In granting leave, the first sift judge said that it is arguable that the sheriff should have given specific directions on the evidence, in particular, that if the jury rejected certain evidence - the identification and/or the DNA evidence - they were bound to acquit.
 
On behalf of the appellant, it was accepted that the evidence of the earlier identification was available to the jury as evidence pointing to the involvement of the appellant, but it was argued that, unless the identification was accepted by the jury, there was an “insufficiency of evidence”. 
 
It was submitted that it was “incumbent” upon the sheriff to “explain this evidential significance” to the jury, but the sheriff did not do so. 
 
He should have told the jury that in order to convict they would have to discount the evidence in court that the man in the dock was not the assailant, and accept the evidence from the other witnesses as to the earlier identification from the photographs. 
 
It is accepted that it was open to the jury to do this, but the complaint was to an alleged “misdirection by omission” in the charge which amounted to a “miscarriage of justice”.
 
However, the appeal judges were not persuaded that the jury were misdirected.
 
‘No miscarriage of justice’
 
Delivering the opinion of the court, Lord Malcolm said: “The jury was given a number of standard directions of relevance in the present context. They were told that they could accept some parts of a witness’s evidence and reject other parts.

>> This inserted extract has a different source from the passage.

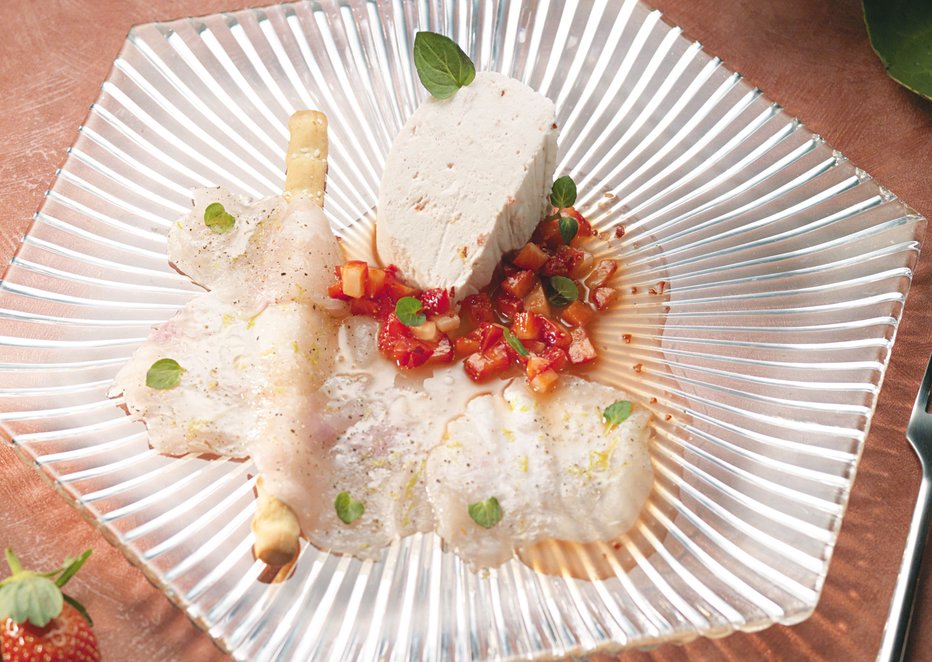 Forellencarpaccio Forellencarpaccio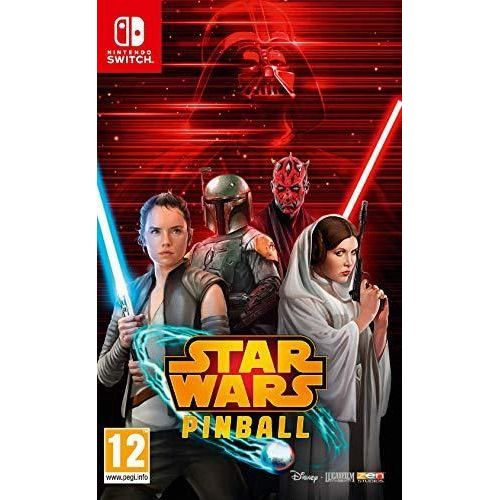 Star Wars Pinball Switch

Plainly this could include acceptance of the evidence that the appellant had been identified as the assailant eight days after the incident, and rejection of the retreat from that position…. 
 
“The jury was given the standard directions on the need for evidence from two separate sources pointing to the guilt of the accused, and that the sources could be of differing types, namely eyewitness and circumstantial evidence (both of which are in play here). The jury was told that they would have to acquit if anything said by a witness raised a reasonable doubt as to the guilt of the accused. 
 
“The charge included the standard directions on the need to take care with identification evidence. It was stressed that the identification evidence was an important aspect of the case.”
 
He added: “Some judges may well have given the additional directions desiderated on behalf of the appellant, but that is not the touchstone for a miscarriage of justice arising from a misdirection by omission. It must be shown that they were necessary for a proper verdict. 
 
“The jury heard all the evidence and both speeches in advance of the sheriff’s charge. The jury was told by the prosecution that its case depended upon acceptance of both the identification and the DNA evidence. Members of juries can be expected to use their intelligence and common sense.
 
“The key importance of the identification and DNA evidence will have been obvious to the jury. The directions as to corroboration were sufficient for the jury to appreciate the significance of rejecting either piece of evidence. 
 
“The charge was also sufficient to allow the jury to assess the evidence that on an earlier occasion the witness had identified the appellant and, in the light of her retraction, to decide whether to accept or reject that identification evidence.”